## Chart Type: Multiple Line Charts: Performance Metrics vs. Regularization Parameter (λ) for Varying Model Capacity
### Overview
The image displays a 3x2 grid of line charts, organized into three columns (A, B, C) and two rows. Each column represents a different model "capacity" (8, 64, and 128, respectively). The top row of charts plots two "Metric values" against a regularization parameter λ, while the bottom row plots "Normalised MFPT / WHR" against the same λ. Each data series is represented by a solid line, with individual data points shown as semi-transparent scattered dots, indicating variability. The x-axis for all charts is on a logarithmic scale.
### Components/Axes
**Overall Structure:**
The figure is divided into three main columns, labeled A, B, and C at the top-left of each column.
- **Column A:** Titled "capacity=8"
- **Column B:** Titled "capacity=64"
- **Column C:** Titled "capacity=128"
**Shared Axes:**
- **X-axis (bottom-center):** "λ (log scale)". The scale ranges from 10⁻³ to 10². Major tick marks are at 10⁻³, 10⁻², 10⁻¹, 10⁰, 10¹, 10².
- **Left Y-axis (centered for top row):** "Metric value". The scale ranges from 0.2 to 1.4. Major tick marks are at 0.2, 0.4, 0.6, 0.8, 1.0, 1.2, 1.4.
- **Left Y-axis (centered for bottom row):** "Normalised MFPT / WHR". The scale ranges from 0.0 to 1.0. Major tick marks are at 0.0, 0.2, 0.4, 0.6, 0.8, 1.0.
**Legends:**
- **Top Charts Legend (located in the bottom-left of Chart A, Top):**
- Brown line: $\mathcal{E}_{\lambda}(\theta^*)$ (cross-entropy)
- Blue line: $\mathcal{H}_{\lambda}(\theta^*)$ (path-entropy)
- **Bottom Charts Legend (located in the top-right of Chart A, Bottom):**
- Black line: MFPT
- Red line: WHR
**Shaded Regions:**
- In the bottom charts of columns B and C, there is a light cyan vertical shaded region. This region spans approximately from λ = 10⁻¹·⁷ (around 0.02) to λ = 10⁻⁰·⁵ (around 0.3).
### Detailed Analysis
**Column A: capacity=8**
* **Top Chart A: Metric value vs. λ**
* **$\mathcal{E}_{\lambda}(\theta^*)$ (cross-entropy) - Brown Line:**
* **Trend:** Starts around 0.95-1.0 at λ = 10⁻³, remains relatively flat until approximately λ = 10⁻¹, then increases sharply.

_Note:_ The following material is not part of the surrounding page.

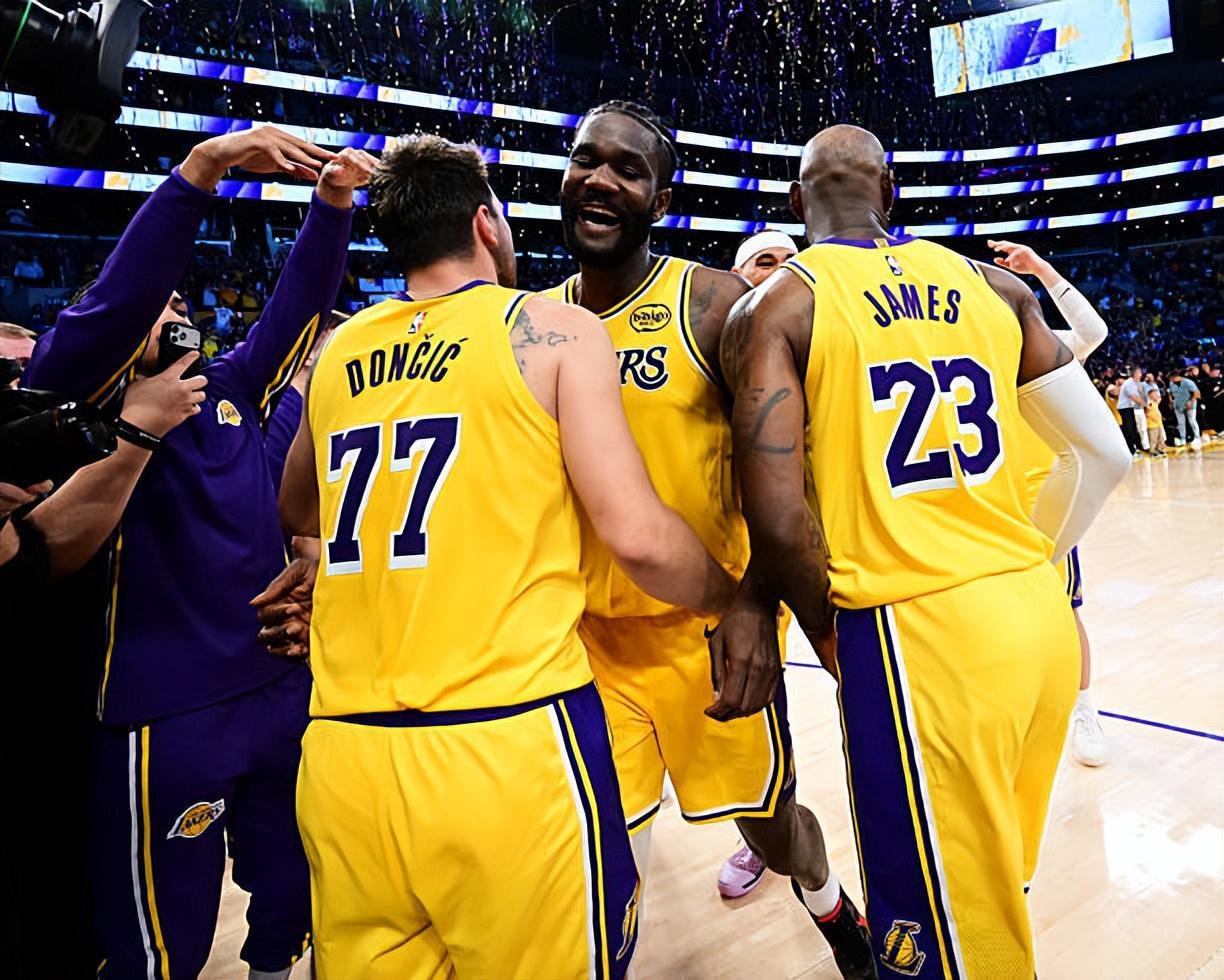 开云-关键时刻简直是攻守兼备，湖人先发中锋的个人能力绝对不差？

* **Data Points:** Rises from ~1.0 at λ = 10⁻¹ to ~1.38 at λ = 10⁰, then flattens out at ~1.38-1.4 for higher λ values.
* **$\mathcal{H}_{\lambda}(\theta^*)$ (path-entropy) - Blue Line:**
* **Trend:** Starts around 0.3-0.4 at λ = 10⁻³, increases steadily, crosses the brown line, then increases sharply.
* **Data Points:** Rises from ~0.35 at λ = 10⁻³ to ~1.0 at λ = 10⁻⁰·⁵. It crosses the brown line at approximately λ = 10⁻⁰·⁵ (around 0.3) where both metrics are around 1.0. It then continues to rise sharply to ~1.38-1.4 at λ = 10⁰, and flattens for higher λ values.
* **Variability:** Both lines show moderate scatter of individual data points around the mean line, particularly in the rising phase.
* **Bottom Chart A: Normalised MFPT / WHR vs. λ**
* **MFPT - Black Line:**
* **Trend:** Starts at 1.0 at λ = 10⁻³, remains high and relatively flat, then drops sharply, followed by a slight increase and then flattens.
* **Data Points:** Stays at ~1.0 until λ ≈ 10⁻², then drops sharply to a minimum of ~0.15-0.2 around λ = 10⁻¹. It then rises to ~0.3-0.35 at λ = 10⁰ and remains flat at this level for higher λ.
* **WHR - Red Line:**
* **Trend:** Starts at 0.0, remains low, then increases sharply and flattens.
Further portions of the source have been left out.